▶ [Required action]:
Look through the listing below for the line containing "European Clock Living". Copy it and each line after it up to and including the line containing "Chrome Vanadium Steel", exactly, leaving out pictures.

▬▬▬▬▬▬

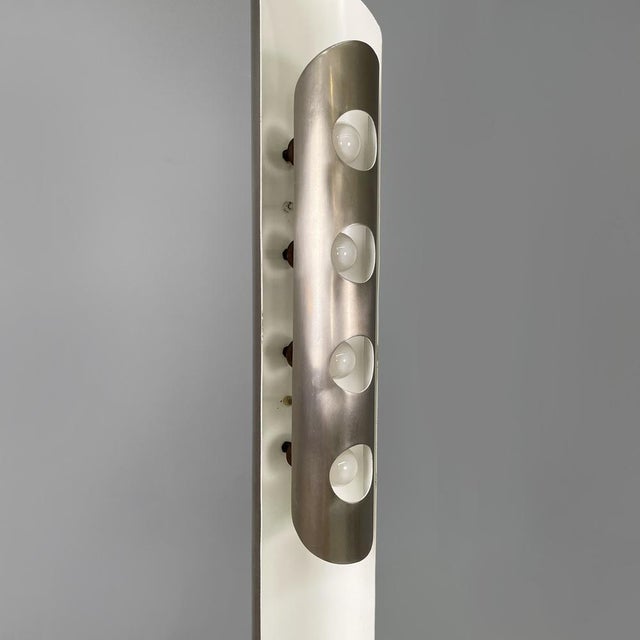 Italian Space Age Round Floor Lamp in Metal with White Interior, 1970s For Sale - Image 9 of 18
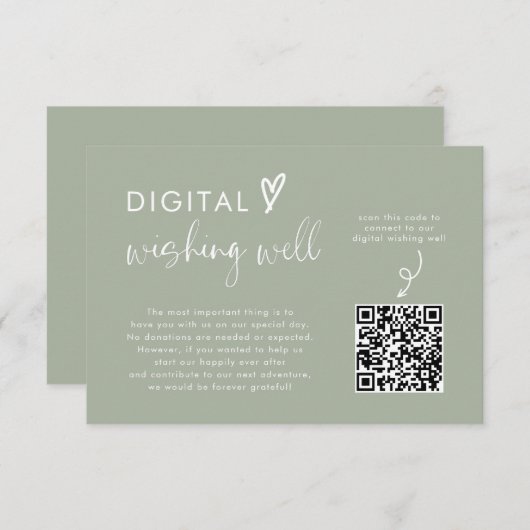 Moderne Minimale Sage Groene Huwelijksreis Fonds Q Informatiekaartje (Voorkant / Achterkant)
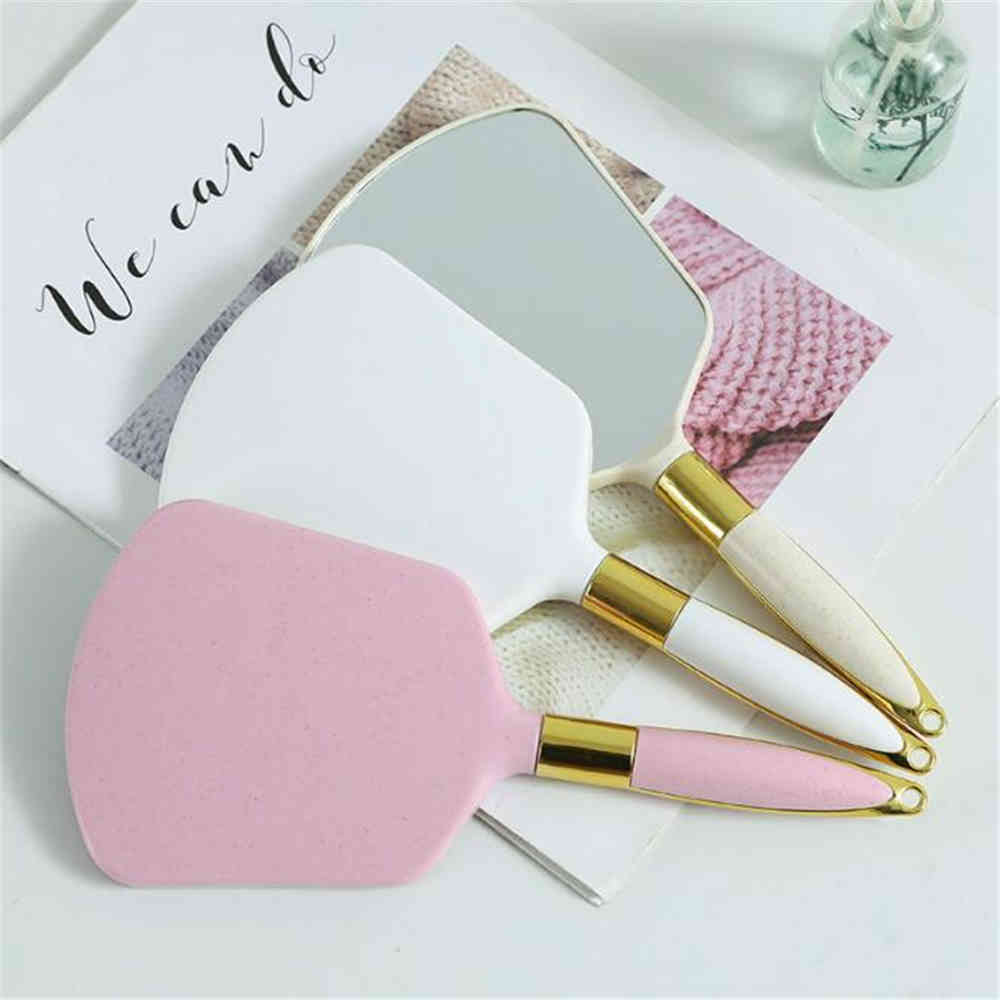 

Vintage Handheld Makeup with Handle Hand Vanity Irregular Salon Dressing Table Compact Mirror for Dentist Home Cosmetics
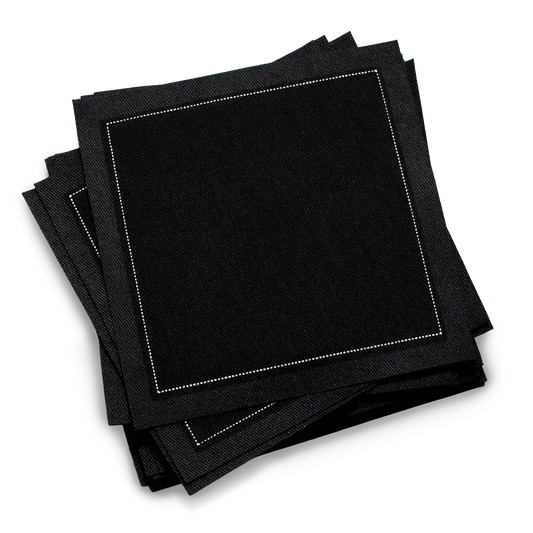 Cotton Cocktail Napkins - Black - Case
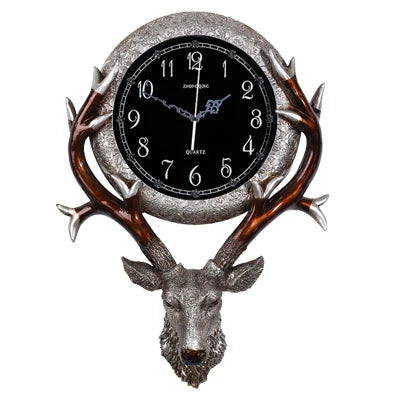 European Clock Living Room Creative Retro Deer Head Wall Clock Porch Home Silent Wall Clock Home Decor Living Room Decoration Oasis Select D 70cm X 50cm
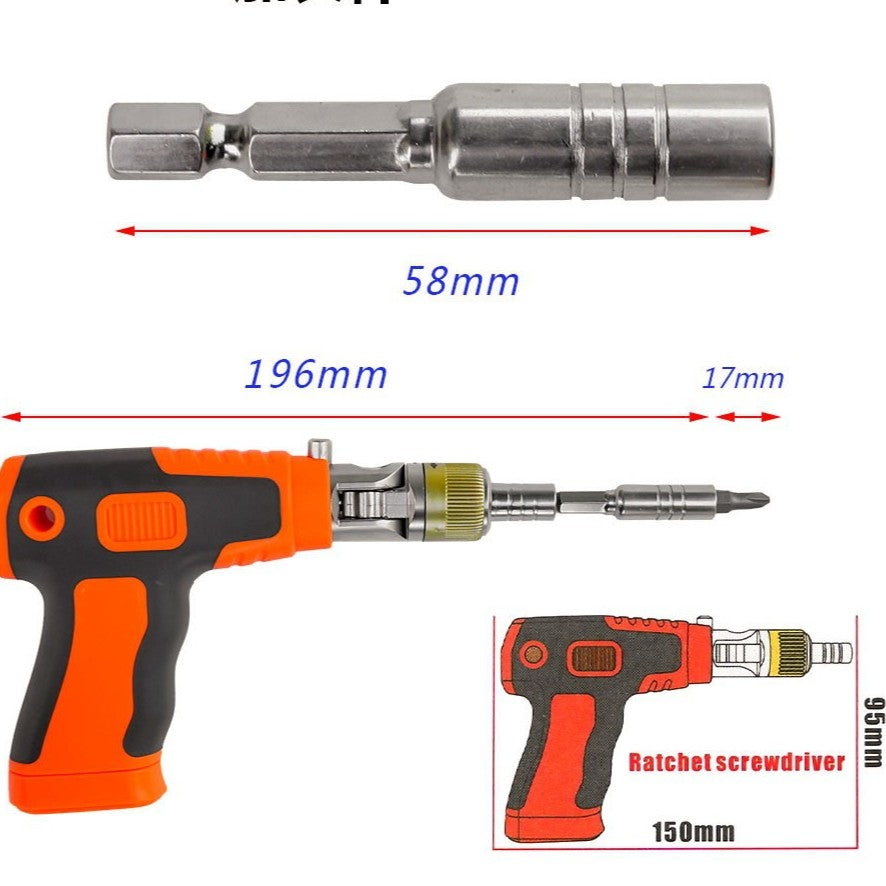 Chrome Vanadium Steel Ratchet Wrench & Screwdriver Set – Multi-Functional Repair Tool Kit for Auto, E-Bike & Home Use
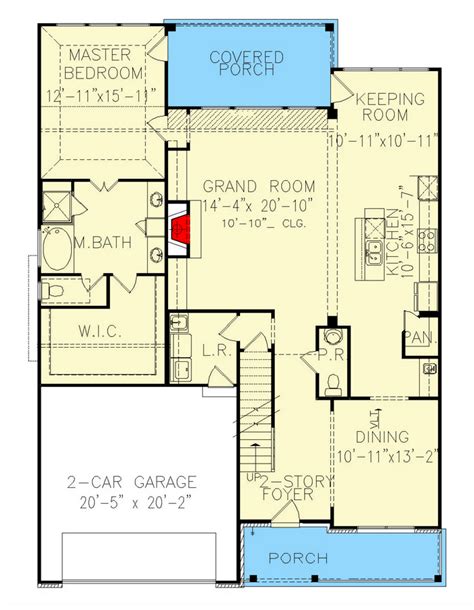 3000 Square Foot 2 Story 4 Bed Traditional House Plan With 2 Car Garage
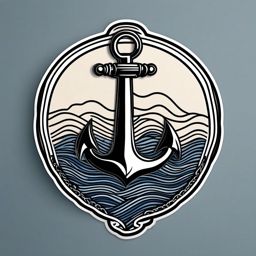 Anchor with Waves Sticker - Nautical anchor with wavy lines, ,vector color sticker art,minimal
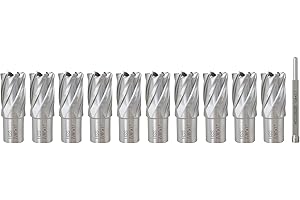 Accusize Industrial Tools 7/8 inch x 1 inch Cutting Depth H.S.S. Annular Cutter with 1 Pc Pilot Pin 1/4 inch x 3 inch, 2080-2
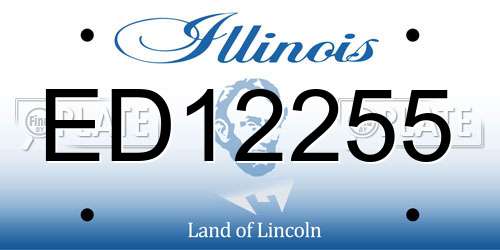 ED12255 Illinois License Plate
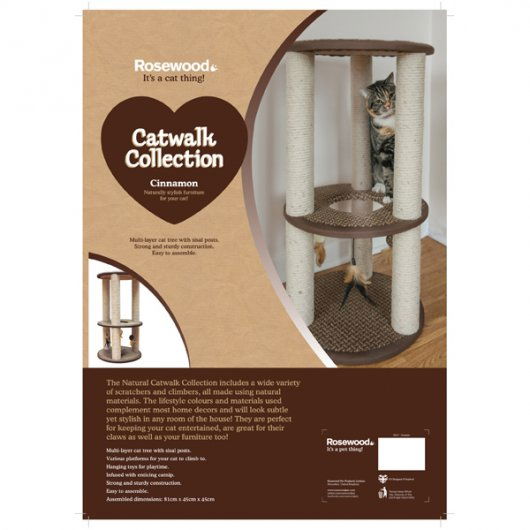 Rosewood Catwalk Cinnamon Multi-Level Sisal Cat Scratching Post 45x45x81cm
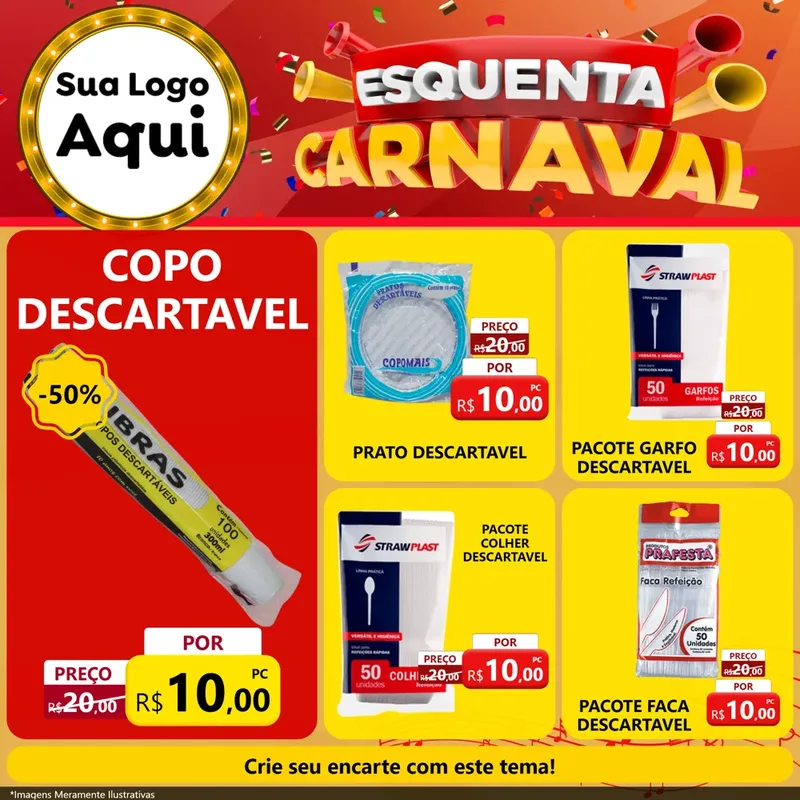 Modelo de Rede Social para Feed Facebook com o tema Esquenta Carnaval para Embalagens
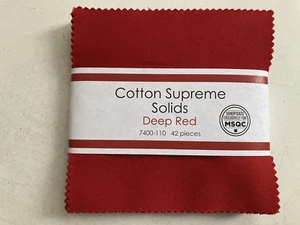 Cotton Supreme Solids Deep Red Quilting Fabric 5" Charm Pack, 42 pcs - Picture 1 of 1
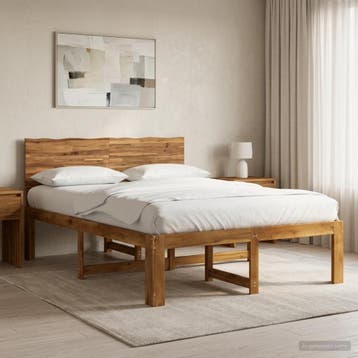 vidaXL Tweepersoonsbed met hoofdbord ROSTOCK Naturel 152 x, Huis en Inrichting, Slaapkamer | Bedden, Verzenden, Nieuw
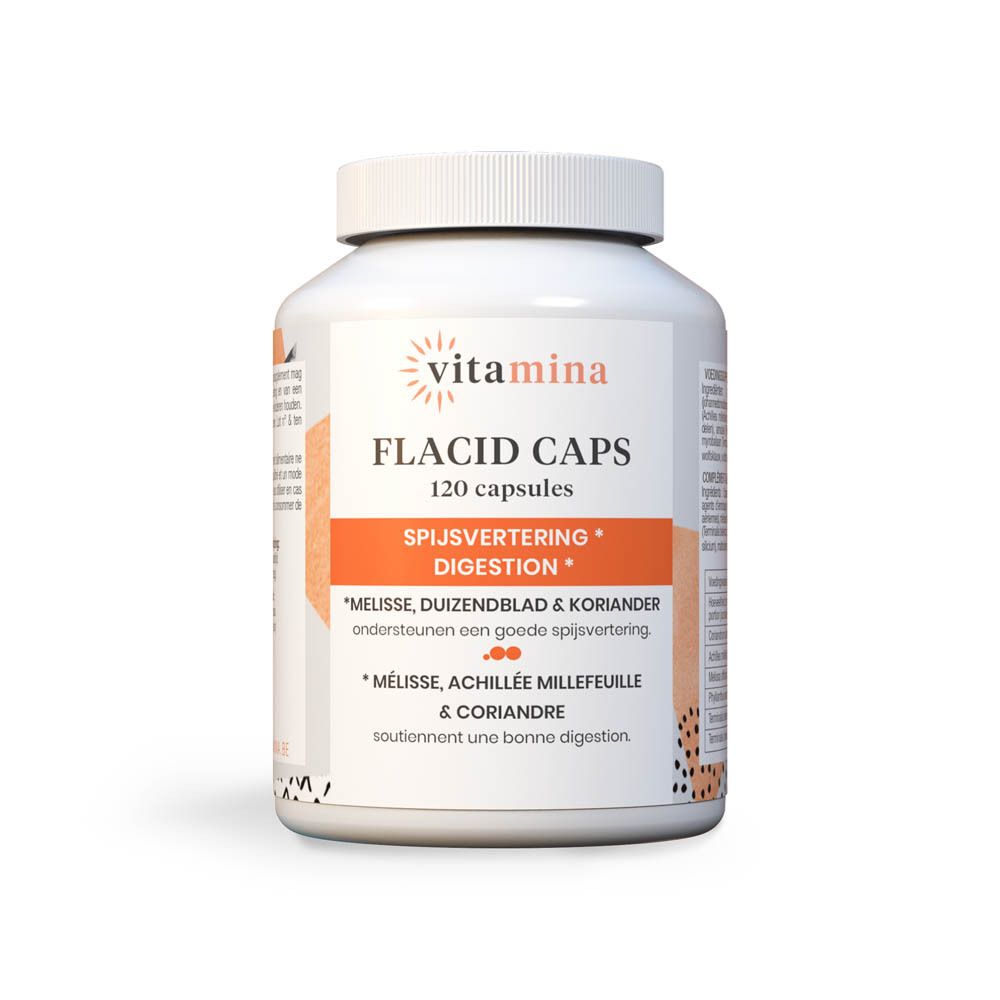 Vitamina Flacid Caps : Pot blanc de 120 gélules, étiquette avec informations produit et illustrations botaniques.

▬▬▬▬▬▬

▶ [Output below]:
 European Clock Living Room Creative Retro Deer Head Wall Clock Porch Home Silent Wall Clock Home Decor Living Room Decoration Oasis Select D 70cm X 50cm
 Chrome Vanadium Steel Ratchet Wrench & Screwdriver Set – Multi-Functional Repair Tool Kit for Auto, E-Bike & Home Use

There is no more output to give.